Tuesday, April 16, 2013

Grocery Angst


I so enjoyed reading Barbara Kingsolver's Animal, Vegetable, Miracle.  The passion and wit with which she writes, her zeal for gardening and her fervor for home cooking were a joy to experience.  
She wove much humor into her book with comments such as, “knowing how foods grow is to know how and when to look for them; such expertise is useful for certain kinds of people, namely, the ones who eat.”

And I was certain I'd found a soulmate when she wrote, "looking at all these jars in the pantry gave me a happy, connected feeling, as if I had roots growing right through the soles of my shoes into the dirt of our farm.”

For all the delight of reading Animal, however, the author has caused me to have a mild case of grocery shopping angst.  One of the main premises of her book, and the experiment her family took part in for one year, is to eat locally, buying, storing and preserving foods grown and harvested within a county or two of home.  And I appreciate her point about the inefficiency and waste of using massive amounts of fuel and energy to ship a few calories worth of produce from South America to the midwest.  Eating locally is a lovely idea.

But I just couldn't bring myself to completely jump on the bandwagon, mainly because WE LIVE IN NORTH DAKOTA!  Granted Kingsolver doesn't live in a tropical garden paradise either, but to eat truly locally means the only fruits we could consume are berries and apples.  The rare plum and pear tree survive in our severe climate, but neither are typically a ND-hardy crop.

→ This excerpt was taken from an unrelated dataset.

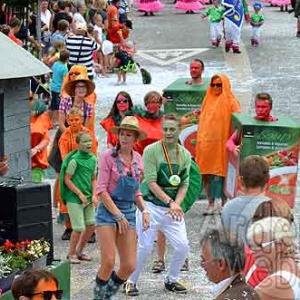 Carnaval du Soleil - 7943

However, despite persisting in purchasing bananas, grapefruit and oranges from wonderfully more temperate climates (and feeling maybe only a tad guilty about contributing to such superfluous fuel consumption), I am renewed in my quest to frequent our town's weekly farmers' market and to try to grow and preserve even more of our family's food right here at home.  Well, at least I'll do those things in a couple more months when the snow melts and the ground thaws.  In the meantime, bring on the pineapple.